Ibu Ana. Ibu berkerudung merah muda yang selain karena tindakannya, rupanya juga mencolok di antara barisan polisi. Kontras ini kemudian membuat warna merah muda diadopsi menjadi simbol warna baru resistensi---bersama dengan warna hijau dari Affan, pengemudi ojek daring yang meninggal dilindas rantis Brimob, menemani biru tua yang sudah berusia setahunan.
Sejak mula kemunculannya, hingga hari ini, Ibu Ana masih terus diperbincangkan. Awalnya semua narasi adalah kekaguman. Namun, sedikit kedamaian itu harus rusak, disusul beredarnya video hasil pemalsuan dalam (deepfake) yang menampilkan Ibu Ana seolah meneriakkan kalimat-kalimat yang tak pernah ia nyatakan saat menjadi bagian dari pendemo.
Banyak yang termakan dan balik menggunakannya sebagai senjata untuk menegasikan Ibu Ana atau keresahan-keresahan yang pernah ia kemukakan. Banyak yang kemudian menyebut tidak sudi diwakili oleh orang yang masih sakit hati perkara pilpres yang sudah lewat lebih dari setahun.

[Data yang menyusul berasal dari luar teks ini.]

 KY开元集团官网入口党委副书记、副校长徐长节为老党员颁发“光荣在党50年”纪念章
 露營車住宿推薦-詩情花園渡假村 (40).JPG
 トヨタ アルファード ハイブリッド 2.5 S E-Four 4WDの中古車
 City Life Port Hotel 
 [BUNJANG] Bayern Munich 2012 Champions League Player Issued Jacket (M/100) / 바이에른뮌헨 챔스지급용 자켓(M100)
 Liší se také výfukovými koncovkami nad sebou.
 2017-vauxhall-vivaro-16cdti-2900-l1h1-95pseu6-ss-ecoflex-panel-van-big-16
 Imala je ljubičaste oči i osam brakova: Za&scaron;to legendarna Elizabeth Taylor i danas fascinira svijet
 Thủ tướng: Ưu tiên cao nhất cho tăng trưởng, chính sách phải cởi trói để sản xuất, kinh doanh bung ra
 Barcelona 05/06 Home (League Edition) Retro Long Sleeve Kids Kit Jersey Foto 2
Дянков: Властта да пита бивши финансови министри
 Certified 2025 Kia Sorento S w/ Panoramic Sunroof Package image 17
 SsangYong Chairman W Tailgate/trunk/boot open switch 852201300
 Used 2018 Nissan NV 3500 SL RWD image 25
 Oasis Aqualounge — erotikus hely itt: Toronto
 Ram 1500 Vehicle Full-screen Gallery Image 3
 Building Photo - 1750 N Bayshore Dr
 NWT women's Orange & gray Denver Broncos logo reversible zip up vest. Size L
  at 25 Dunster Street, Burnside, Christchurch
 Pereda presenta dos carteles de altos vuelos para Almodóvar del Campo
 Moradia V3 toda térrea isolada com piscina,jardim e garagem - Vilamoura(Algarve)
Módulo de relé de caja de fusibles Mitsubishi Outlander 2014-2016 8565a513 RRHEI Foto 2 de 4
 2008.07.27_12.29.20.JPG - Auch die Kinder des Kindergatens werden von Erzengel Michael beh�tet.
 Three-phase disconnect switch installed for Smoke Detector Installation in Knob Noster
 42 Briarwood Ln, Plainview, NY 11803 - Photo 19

Akan tetapi, tidak sedikit yang berusaha meluruskan bahwa video yang beredar tak lebih dari hasil kejahilan manusia. Ini sebenarnya cukup jelas, karena video dari sudut sama dengan kata-kata sang ibu yang berbeda, telah beredar beberapa hari sebelum versi gubahan diramaikan. Beberapa detail seperti warna separator jalur bus TransJakarta juga tampak tidak konsisten di video di mana Ibu Ana menyebut nama capres lain itu.
Pun, mulai banyak yang turut mempermasalahkan penggunaan kata-kata Ibu Ana dalam berdemo yang dianggap tidak sopan. Dengan ini, makin banyak yang mulai menggaungkan enggan menokohkan orang yang tidak santun.
Masih, banyak yang memberikan perlawanan pada narasi ini. Warganet mengambil contoh bagaimana Ibu Sumarsih yang rutin melakukan Aksi Kamisan, tidak pernah berkata kasar dalam tuntutannya, juga tidak pernah benar-benar didengar. Bahkan, ketika tahun ini aksi telah mencapai usia ke-18 dan kejadian yang diminta akuntabilitasnya telah berumur 27 tahun.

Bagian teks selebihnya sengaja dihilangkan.